2011.12.31(土)原文を読む(52) 摶手跪拝

見大人所敬但摶手以當跪拝
大人(だいじん)を見、敬う所は但(ただ)搏手(はくしゅ)し、以て当(まさ)に跪拝(きはい)すべし。

貴人に拝謁するとき、尊敬を表すにはただただ拍手し、両膝を床につけて丁重に拝礼しなければならない。

【各語の意味】
…《動》みる。出会う。拝謁する。(会う」の謙譲語)
大人(だいじん)…徳の高い人。高級官僚や貴族。豪族。からだの大きい人。
…《接》=而して。《助》ところ。(動詞を体言化)
…《動》つつしむ。うやまう
…《助》ひたすら。ただただ。(条件や制限がない意)
…《動》たたく。殴り合う。脈打つ(脈搏)。
…《接》=而して。もって。そして。(承接関係) 
…《助》まさに~すべし。「しなければならない」「きっと~である」
…《動》ひざまづく。
…《動》ひざまづいてぬかづく礼。組んだ両手を挙げて上体を曲げる礼。おじぎをする。
跪拝(きはい)…両膝を付いて丁重に拝礼する

【貴人への挨拶の作法】
 「見」は、視覚する意味がもともとであるが、この場合は「会う」の謙譲表現ととるのが適当である。外で偶然に姿を見たときの話ではなく、会見における正式な作法について述べている。
 「所」は接続詞(ほぼ、英語の and と同じ)の場合もあるが、"and"では「そして敬い」の後が続かなくなる。
  ここは動詞「敬う」を名詞化して、「敬うこと」とか「尊敬を表す作法」として主語になると思う。あるいは、拝謁する場所(宮殿など)を示すか。
 「但」は「余分なことは考えず、ただただ、尊敬の念を込めて…」という雰囲気を出す。
 「摶」つまり礼の前にまず、両手を柏手のように叩く。
 「以」は承接関係の接続詞。「A以B」で、「動作Aを行い、続けて動作Bを行う」。
 「当」は、強制または、確実性の助動詞。完全に英語の"must"を連想させる。この語からも、この文が作法を説明している感じが伝わってくる。
 「跪拝」膝を床につけて、深々とお辞儀する。

 ここで連想されるのが、神社への参拝である。参拝の作法は「二礼二拍手一礼」と言い、2回手をたたく。古代は身分の高い人に拝謁するときの作法が、神に対する作法として現在まで残っているのだろうか。神に対しては、古い仕来たりを守ろうとする心理がはたらくからである。

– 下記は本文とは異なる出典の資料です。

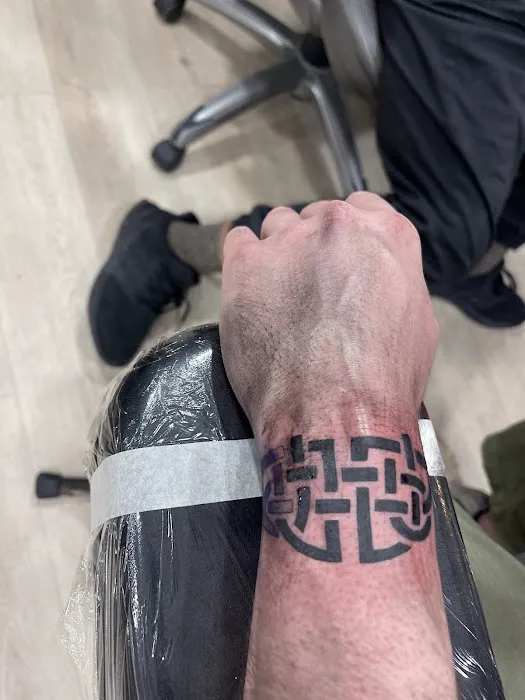 Glorious Tattoo Studios 6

 これまで、文頭をずっと「其」で始めていたが、ここで崩れた。前回、魏志の脱落が割注によって補われたことも合わせて考えると、古い写本が一部失われたのかも知れない。


2012.1.2(月)原文を読む(53) 壽考或百年

其人壽考或百年或八九十年其俗國大人皆四五婦下戸或二三婦婦人不淫不妬忌
其れ、人寿考(じゅこう)、或いは百年或いは八九十年。其れ、俗、国(こく)、大人(だいじん)皆四五婦、下戸或いは二三婦。婦人淫ならず妬忌(とき)せず。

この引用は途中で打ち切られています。